It was the largest Medicare fraud scheme ever committed by a single enterprise and criminally charged by the Department of Justice. Today, 73 defendants—including members and associates of an Armenian-American organized crime enterprise—were publicly named in federal indictments announced in five states. They were charged with various health care fraud-related crimes involving more than $163 million in fraudulent billings.
Of those indicted, 55 were arrested early this morning in a nationwide takedown carefully planned and carried out by the FBI and our federal, state, and local partners. More than two dozen search warrants were also executed at the same time.
According to the indictments, the Armenian-American organized crime ring behind the scheme is the Mirzoyan-Terdjanian Organization—named after its principal leaders Davit Mirzoyan and Robert Terdjanian. Although headquartered in New York City and Los Angeles, the group operates throughout the U.S. and around the world. And like many criminal enterprises, members of the Organization are alleged to have used violence and threats of violence to ensure respect for and payments to its leadership.
Among those charged today in New York was Armen Kazarian, the so-called “Thief-in-Law,” a member of a select group of high-level criminals from Russian and former Soviet nations. The New York indictment also included charges that the Organization operated a multi-million dollar scheme to defraud private insurance companies. Other locations where Medicare fraud indictments were announced and arrests made today included California, Georgia, New Mexico, and Ohio.
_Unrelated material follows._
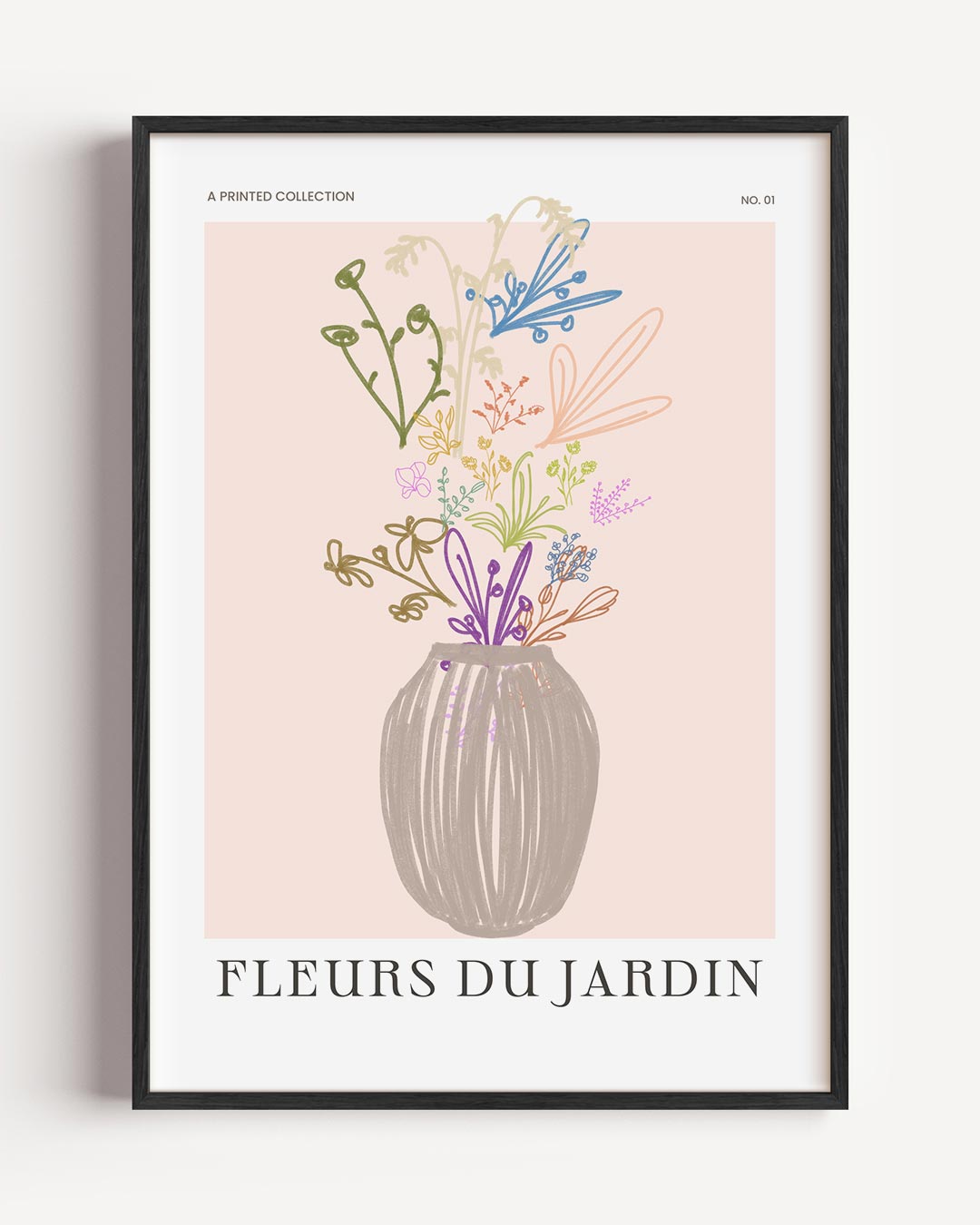 Fleurs du Jardin Bloemenposter-WallArtistic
How the Medicare scheme worked. The lynchpin of the scheme—no matter where it was carried out—was stolen identities. Some of the subjects allegedly stole the identities of thousands of Medicare beneficiaries from around the country, as well as the identities of doctors who were usually licensed to practice in more than one state. Other subjects leased office space and opened phony clinics—or, in some instances, simply rented a post office box. And still other subjects opened bank accounts to receive Medicare funds—often in the name of the doctor whose identity they stole—and submitted applications to Medicare to become Medicare providers.
Once becoming approved Medicare providers, the subjects—who had extensive knowledge of the Medicare system, including what codes to use—would start to bill Medicare for services never provided, using the stolen beneficiary information. And as soon as the funds were directly deposited by Medicare into the designated bank accounts set up to receive them, the money was withdrawn and laundered and sometimes sent overseas.
In many instances, even though Medicare would identify and shut down the phony clinics after several months, members of the criminal enterprise would simply open up another fraudulent clinic somewhere else, usually in another state. All told, the investigation uncovered at least 118 phony clinics in 25 states.
Eventually, with the dedicated assistance of our partners, we gathered the evidence needed to shut these operators down. In doing so, we combined our expertise in uncovering major health care fraud…with our experience in dismantling major criminal enterprises….to target a national threat.